Photo of Judy Chicago with fireworks
Chicago inflamed the deserts, fields, and forests of Pasadena with fireworks, smoke bombs, and other colorful explosives she had learned how to use. (Courtesy Judy Chicago)

“The narrative of landscape and land art had been dominated by men,” said Chicago in an interview with New York Magazine. “Atmospheres came from the desire to insert a feminine perspective into the conversation and to soften and feminize the environment.”

Her words are especially significant in light of the fact that she was sexually harassed by the head of the fireworks company where she once apprenticed at, causing her to take a two-decade hiatus from her project. However, in 2012, with funding and support from the Getty Performance Festival, Chicago was able to revisit her role as a pioneering female pyrotechnician.

Each eccentric and vivacious display of pyrotechnics created a mesmerizing visual effect, conjuring feelings of wonder, fear, and inspiration among its viewers. (Judy Chicago)

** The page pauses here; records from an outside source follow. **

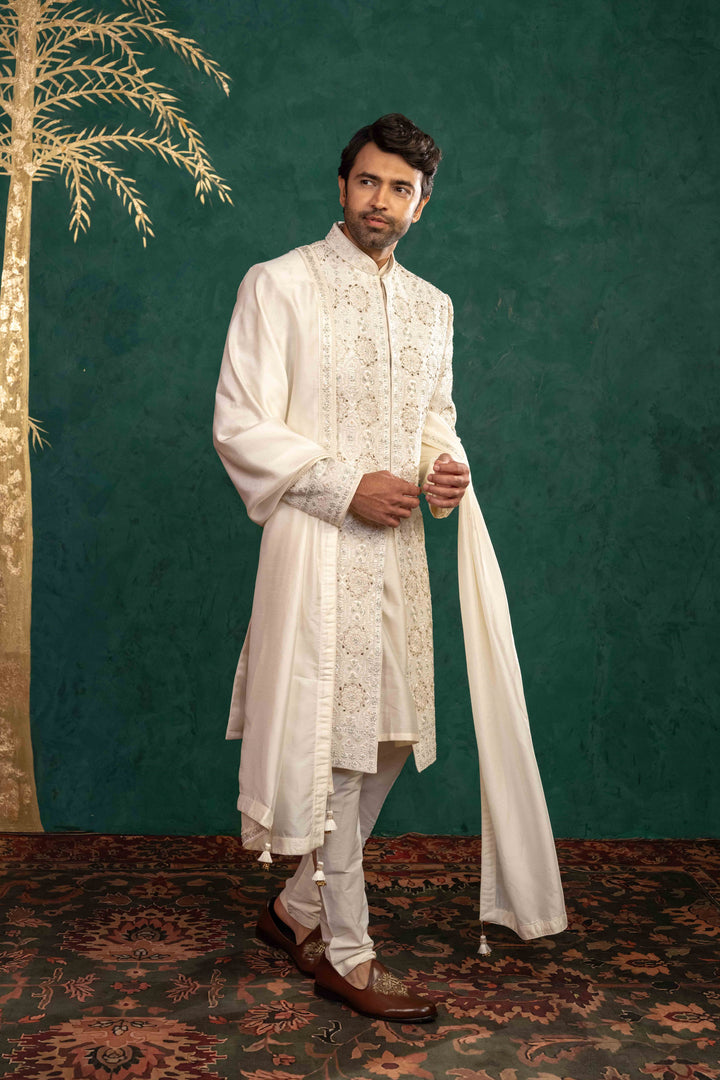 Ivory Silk  Sherwani Set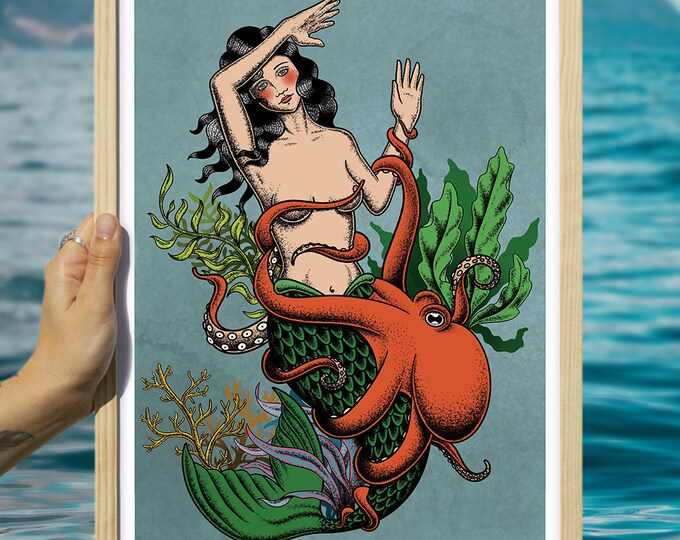 Affiche "Sea reine octopus" (30x40cm)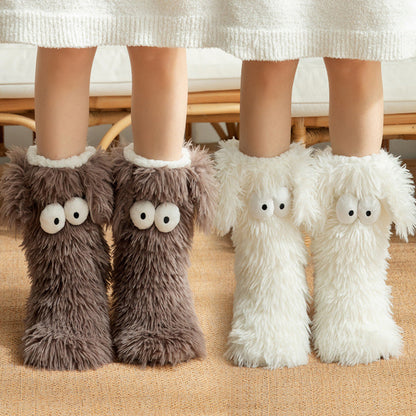 🧦🔥SISTA DAGEN! 50 % RABATT NU! 💥Dam plysch‑toffelstrumpor – Tjock fleecefodrade halkfria golvstrumpor, perfekta för hemmabruk på vintern ✨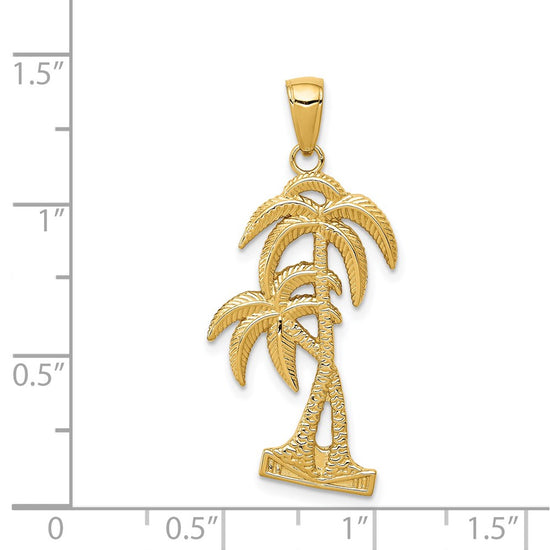 14K Polished and Textured Palm Trees Pendant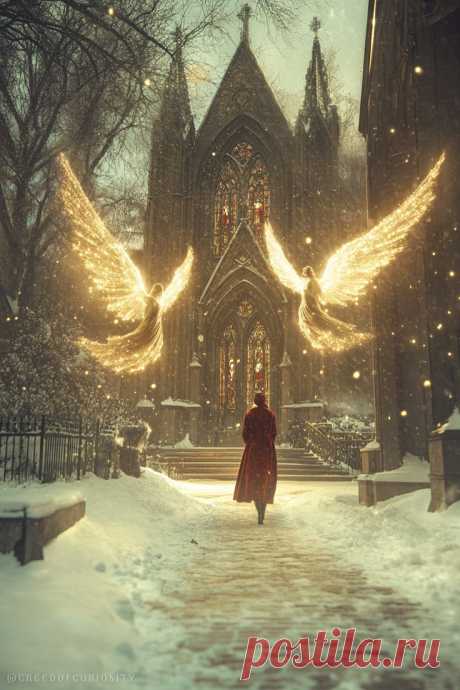 Glowing Angels at the Cathedral – Christmas Christian Wallpaper Background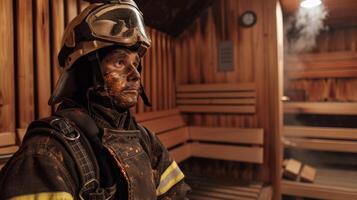 A firefighter in the sauna covered in a mixture of natural oils and clay using a sauna mask to purify and rejuvenate his skin. photo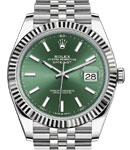 Datejust II 41mm in Steel with White Gold Fluted Bezel on Jubilee Bracelet with Green Stick Dial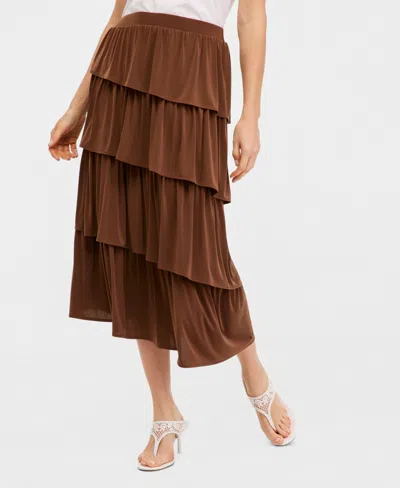 Inc International Concepts Women's Tiered Midi Skirt, Macy's Exclusive In Brown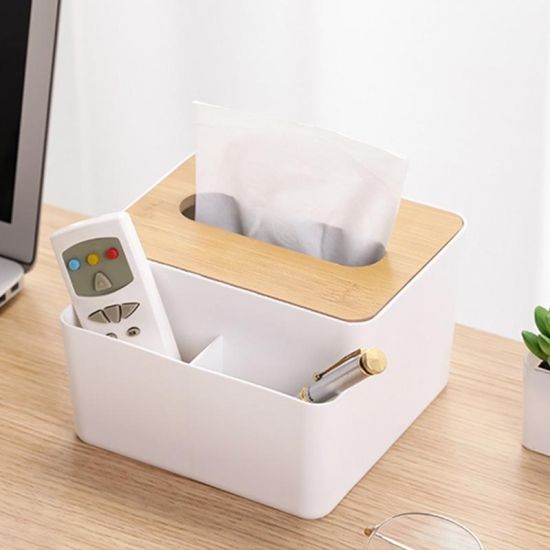 Бокс для серветок Tissue з бамбуковою кришкою з відділенням під косметику та гаджети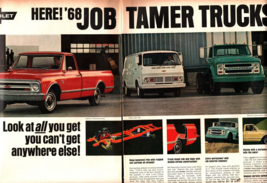 Original 1968 Chevrolet Truck 2 Page Ad HERE&#39;S THE &#39;68 JOB TAMER TRUCKS a3 - £20.81 GBP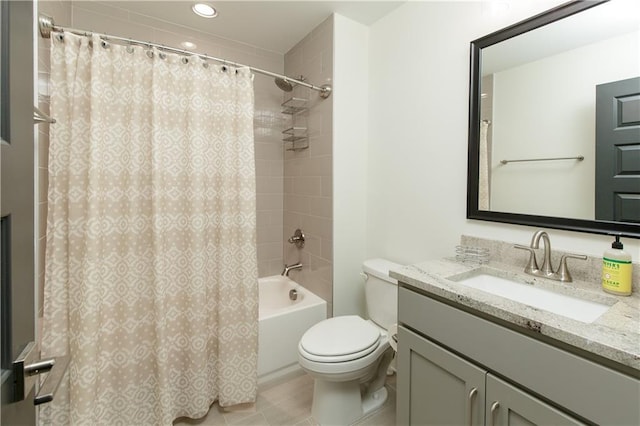 full bath featuring toilet, vanity, shower / bath combo, recessed lighting, and tile patterned flooring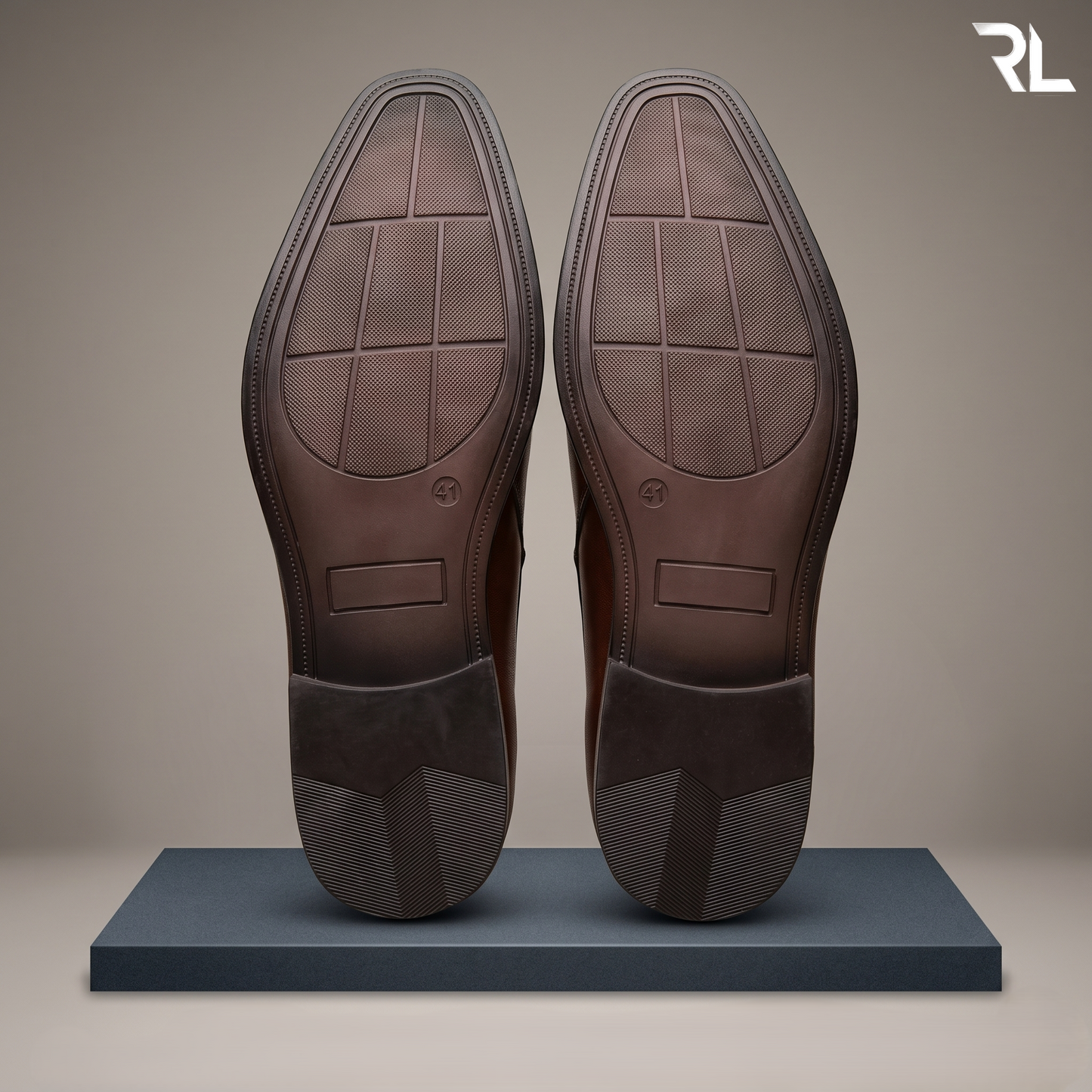 Leather Wholecut Shoe for Men's - Tan- 2009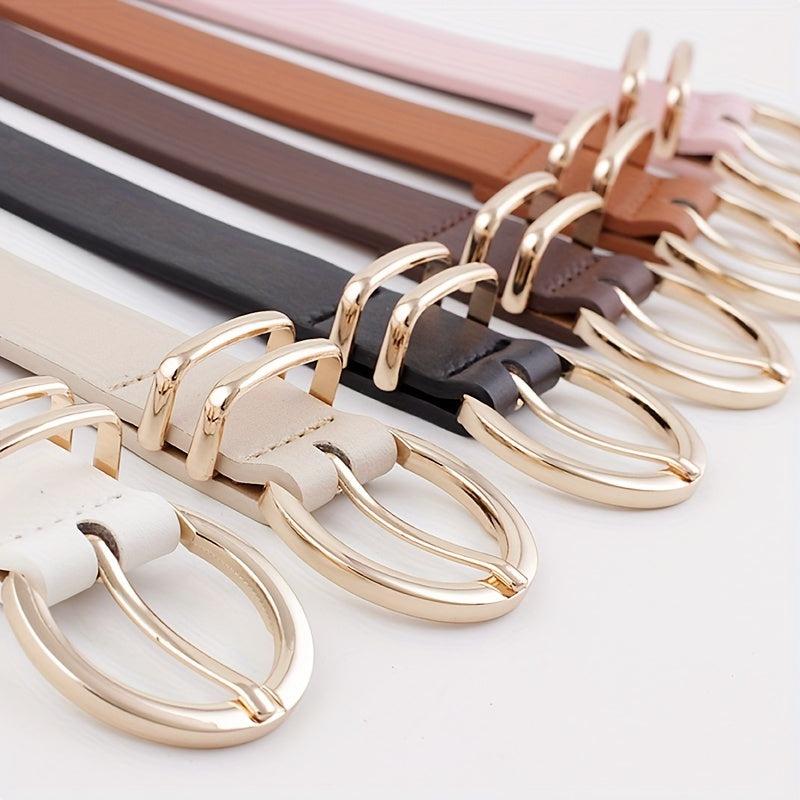 Pink Metal Buckle PU Leather Belt Women Casual Jeans Dress Accessories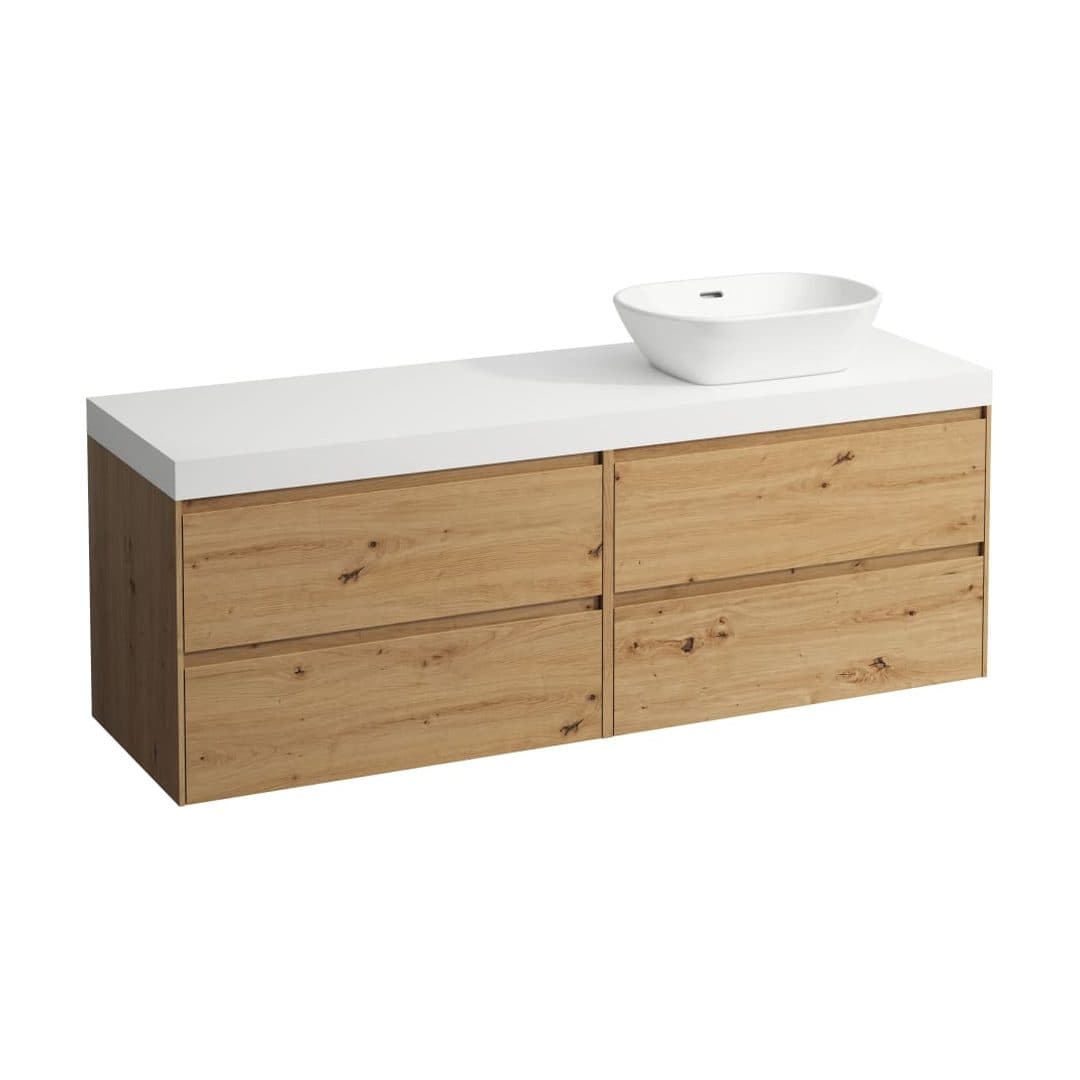 Laufen LANI – Έπιπλο Νιπτήρα – 1570 mm, 4 συρτάρια, πάγκος White Matt, άνοιγμα δεξιά – Wild oak (H4045931122671)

Atmospheres, along with the upcoming exhibition at ICA Miami, represent the ways in which Chicago’s powerful feminist voice not only transforms the landscape and environment but also interpretations of modernism and its values.

Photographs documenting Atmospheres are currently on display at Nina Johnson Gallery in Miami. A Purple Poem for Miami, her sixth major art installation, will take place at ICA Miami in February 2019.